>>>

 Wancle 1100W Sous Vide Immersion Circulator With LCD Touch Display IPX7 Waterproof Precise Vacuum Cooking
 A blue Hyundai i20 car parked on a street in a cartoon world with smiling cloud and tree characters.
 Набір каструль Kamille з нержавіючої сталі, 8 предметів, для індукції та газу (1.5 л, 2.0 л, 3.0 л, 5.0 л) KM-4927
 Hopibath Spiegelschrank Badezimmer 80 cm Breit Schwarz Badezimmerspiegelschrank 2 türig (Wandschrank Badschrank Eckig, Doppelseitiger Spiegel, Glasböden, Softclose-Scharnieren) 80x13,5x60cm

<<<
>>>

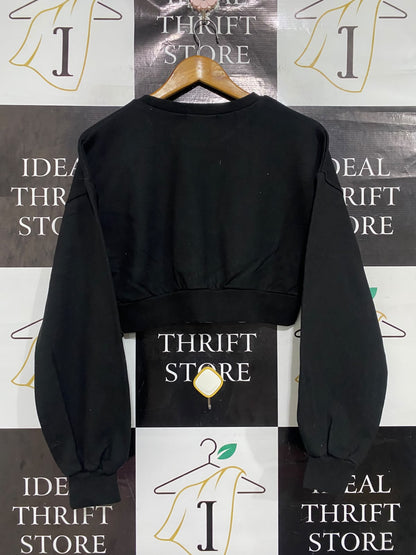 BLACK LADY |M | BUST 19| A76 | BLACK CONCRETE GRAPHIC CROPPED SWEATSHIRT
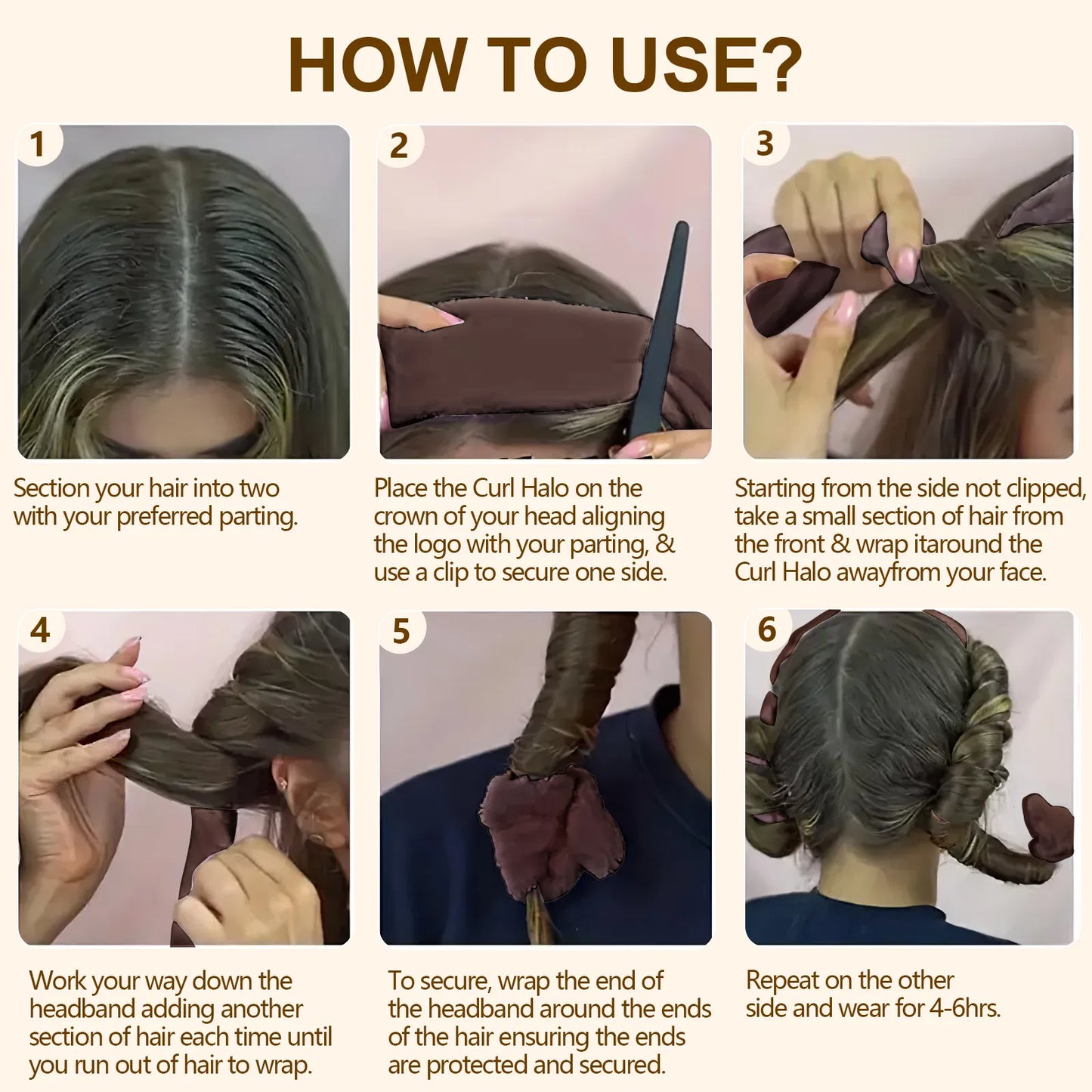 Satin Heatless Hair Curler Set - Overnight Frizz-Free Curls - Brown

<<<

## Task requirements:
What are the lines, exactly as written above, from the line with "Wancle 1100W Sous" to the line with "Набір каструль Kamille", both included? Output only those.

## Response area:
 Wancle 1100W Sous Vide Immersion Circulator With LCD Touch Display IPX7 Waterproof Precise Vacuum Cooking
 A blue Hyundai i20 car parked on a street in a cartoon world with smiling cloud and tree characters.
 Набір каструль Kamille з нержавіючої сталі, 8 предметів, для індукції та газу (1.5 л, 2.0 л, 3.0 л, 5.0 л) KM-4927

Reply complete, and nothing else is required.